Will NYRA Take Temporary Extension?

Will NYRA Take Temporary Extension?
Photo: File Photo

by Karen Johnson

With another deadline looming that could shut down racing at Aqueduct Feb. 14, rumors are circulating among horsemen that the New York Racing Association might not be willing to accept another temporary extension to keep racing going.

As of Jan. 28, NYRA officials had given no indication on the record if they would agree to another short-term extension to operate the franchise.

“There seems to be rumblings that NYRA may not accept (another extension) at the deadline,” trainer Rick Violette said from Florida Jan. 28. “I don’t think NYRA is blowing smoke. I don’t think it is a bluff.
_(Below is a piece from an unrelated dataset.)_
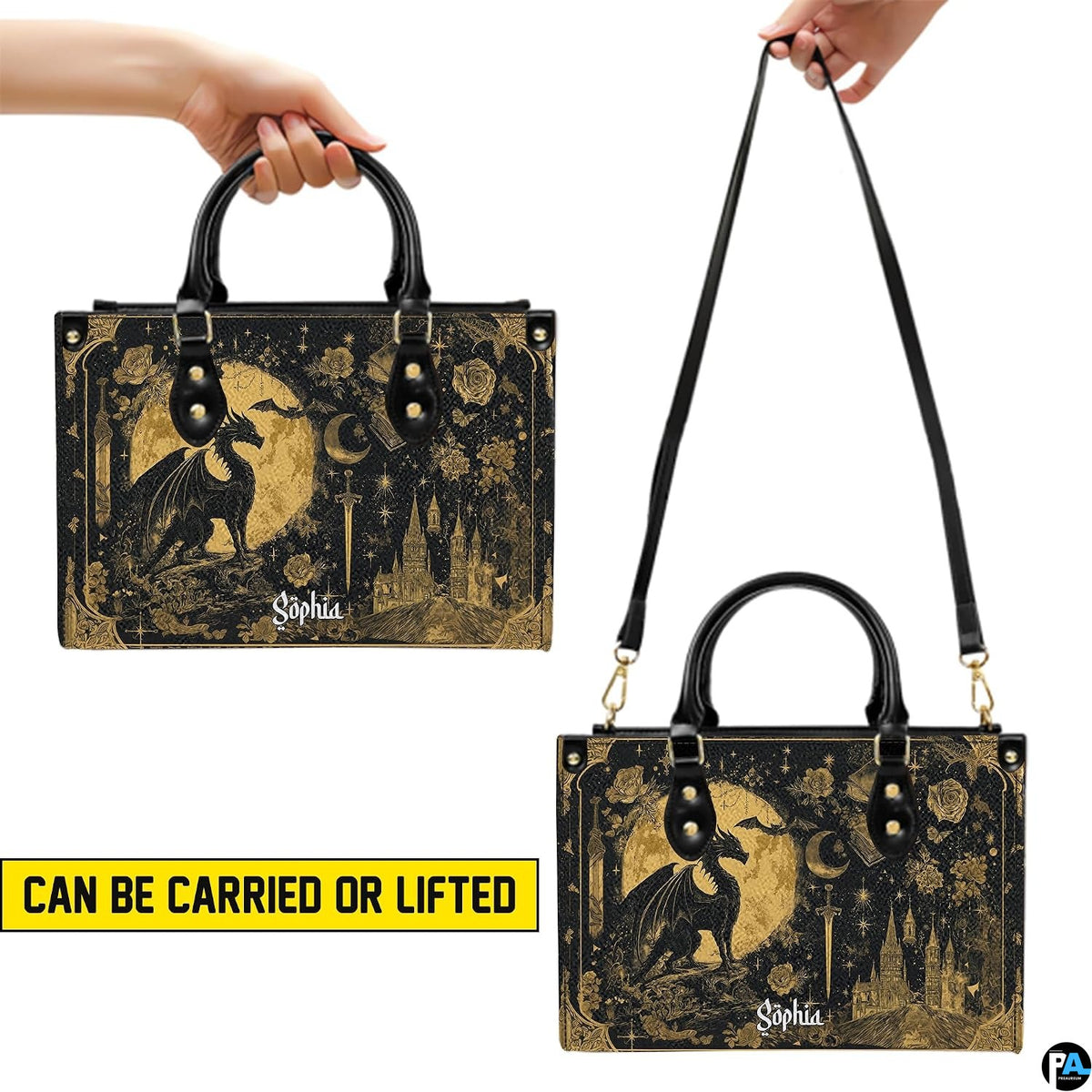 Golden dragon handbag carrying demonstration showing top handle and shoulder strap carry.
“There are easily two mindsets here: We all would like to have seen this resolved months ago because it isn’t doing anybody in the industry any good. But if NYRA stopped racing for a few days, or a few weeks, could that bring a resolution? That is where the devil lays.”

Violette is the president of the New York Thoroughbred Horsemen’s Association, which represents the interests of 6,000 people in the racing industry.

“It’s a very fine line you have to walk,” Violette said. “It’s unacceptable to lose even one day of racing. On the flip side, extension after extension doesn’t do anyone any good. It’s a dire time, no doubt about that.”

Violette said for some New York horsemen, the winter months at Aqueduct are an essential means of income, and the money the trainers and owners earn during the meet keeps them afloat the rest of the racing season.

“Winter racing presents an opportunity for money to be made, and this is a necessity for many who make their nut for the whole year,” he said.

The most recent deal between NYRA and the state--the second extension was brokered Jan. 21--keeps racing alive through Feb. 13. NYRA’s first extension was granted Dec. 31, the day its franchise expired, and secured racing through Jan. 23.

A wrinkle took place after the most recent extension was granted when the state government panel overseeing Thoroughbred racing made a resolution Jan. 22 restricting the power of its new chairman, Steven Newman, who was appointed by Gov. Eliot Spitzer to unilaterally broker deals with NYRA on short-term extensions.

The sides have agreed in principle to allow NYRA to continue running racing at Aqueduct, Belmont Park, and Saratoga. Two of the issues that have caused stumbling blocks between the sides are the length of the franchise, and if another entity should be involved in overseeing the operation of video lottery terminals at Aqueduct.